Data provided: Begin

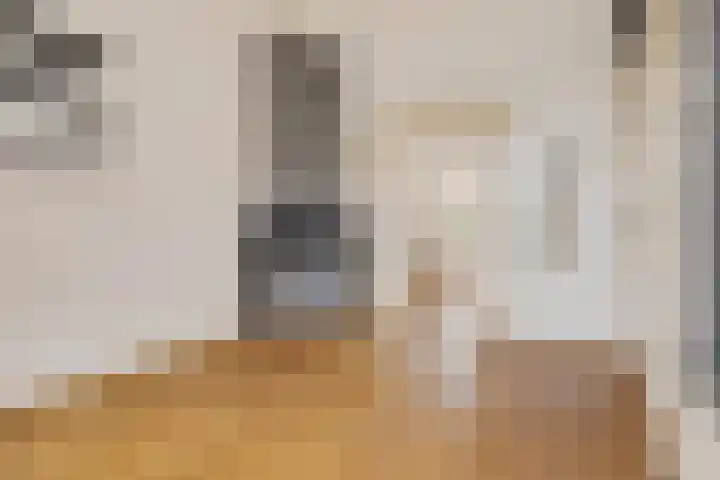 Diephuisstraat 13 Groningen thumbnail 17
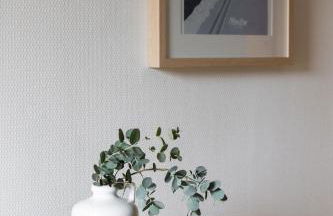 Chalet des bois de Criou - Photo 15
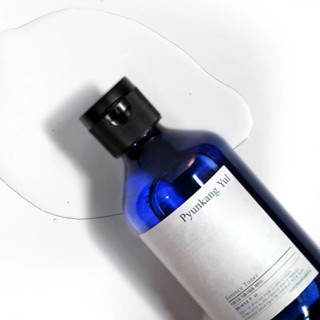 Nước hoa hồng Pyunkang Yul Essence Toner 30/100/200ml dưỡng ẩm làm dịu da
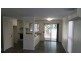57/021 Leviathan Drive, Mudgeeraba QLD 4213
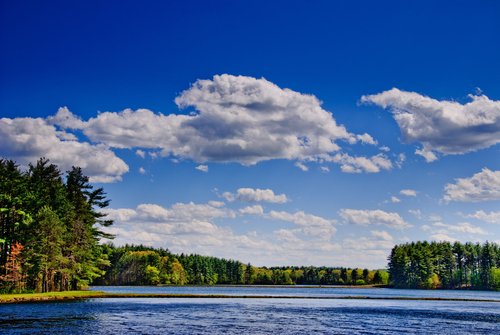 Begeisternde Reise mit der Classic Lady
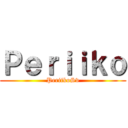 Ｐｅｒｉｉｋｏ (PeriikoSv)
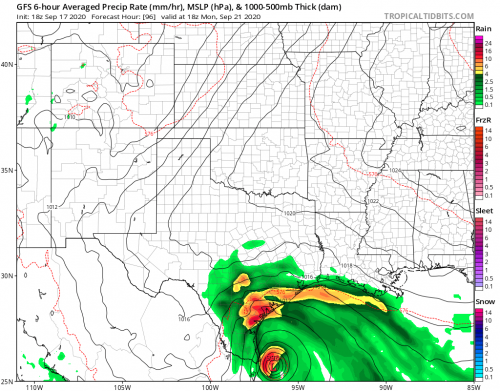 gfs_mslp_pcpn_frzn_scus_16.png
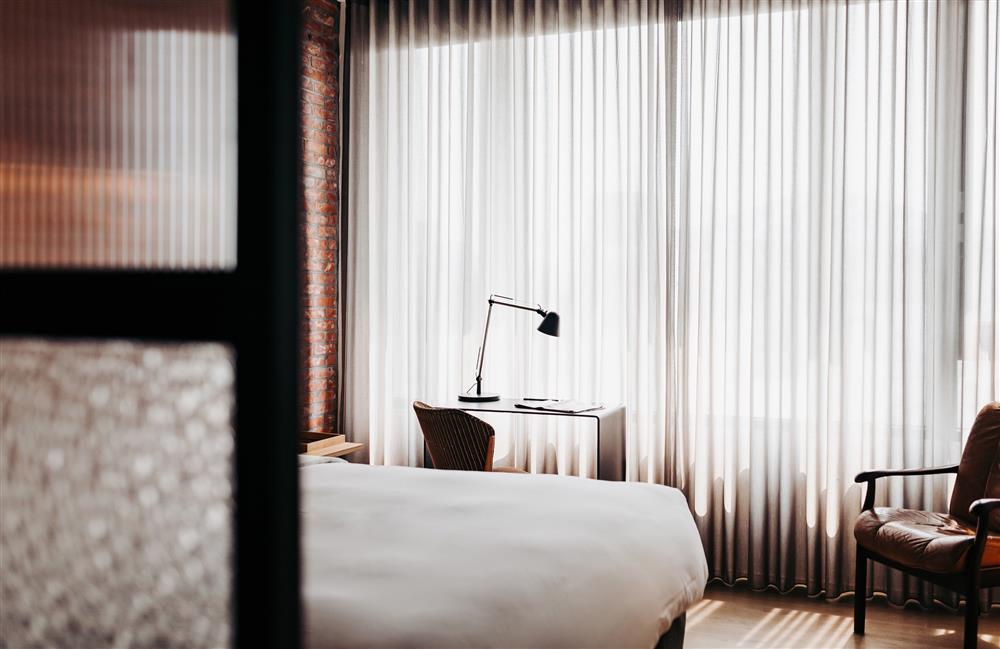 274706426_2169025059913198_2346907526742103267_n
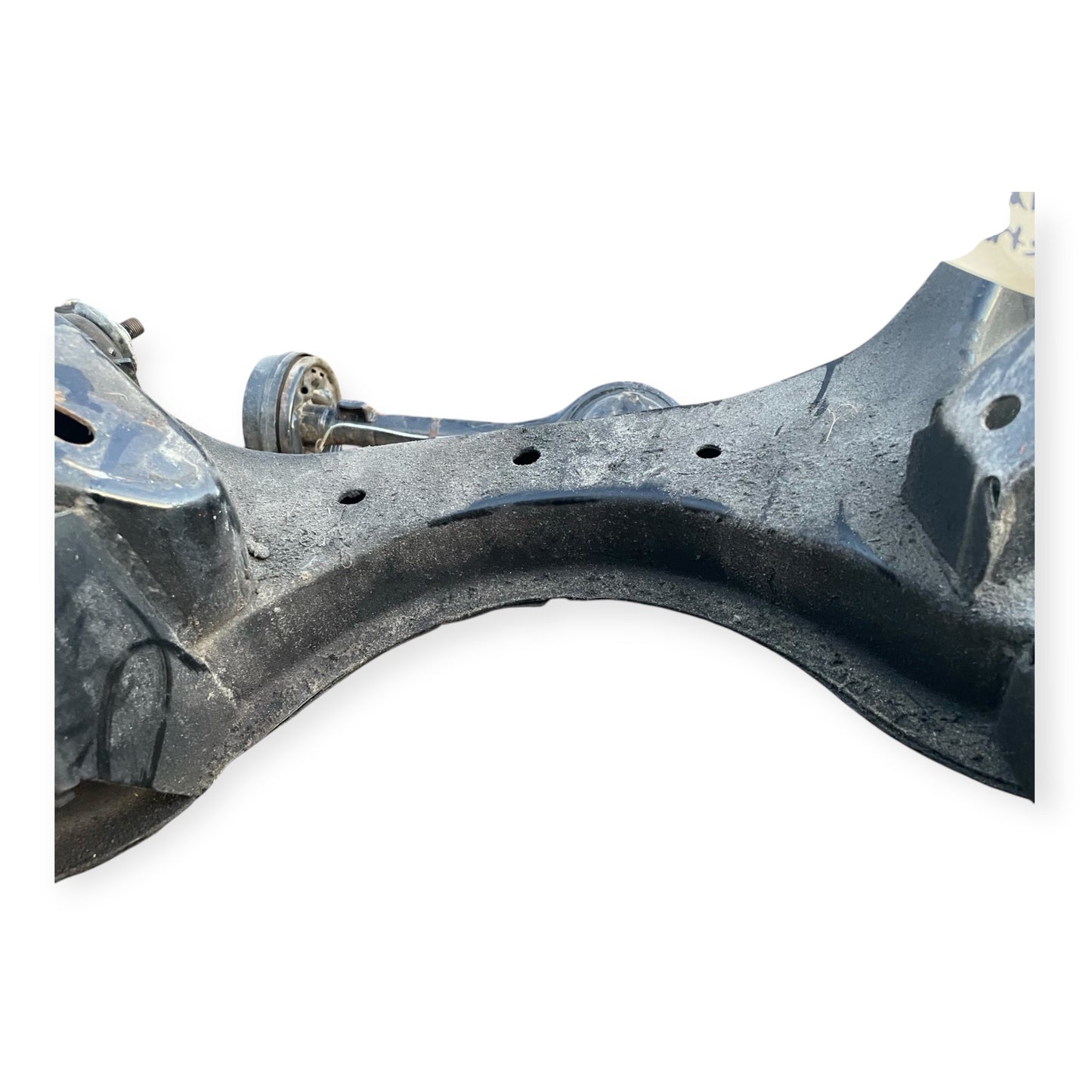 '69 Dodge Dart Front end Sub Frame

Data provided: End

Only the text is to be copied: please reproduce the records exactly and drop the pictures.

 Diephuisstraat 13 Groningen thumbnail 17
 Chalet des bois de Criou - Photo 15
 Nước hoa hồng Pyunkang Yul Essence Toner 30/100/200ml dưỡng ẩm làm dịu da
57/021 Leviathan Drive, Mudgeeraba QLD 4213
 Begeisternde Reise mit der Classic Lady
 Ｐｅｒｉｉｋｏ (PeriikoSv)
 gfs_mslp_pcpn_frzn_scus_16.png
 274706426_2169025059913198_2346907526742103267_n
 '69 Dodge Dart Front end Sub Frame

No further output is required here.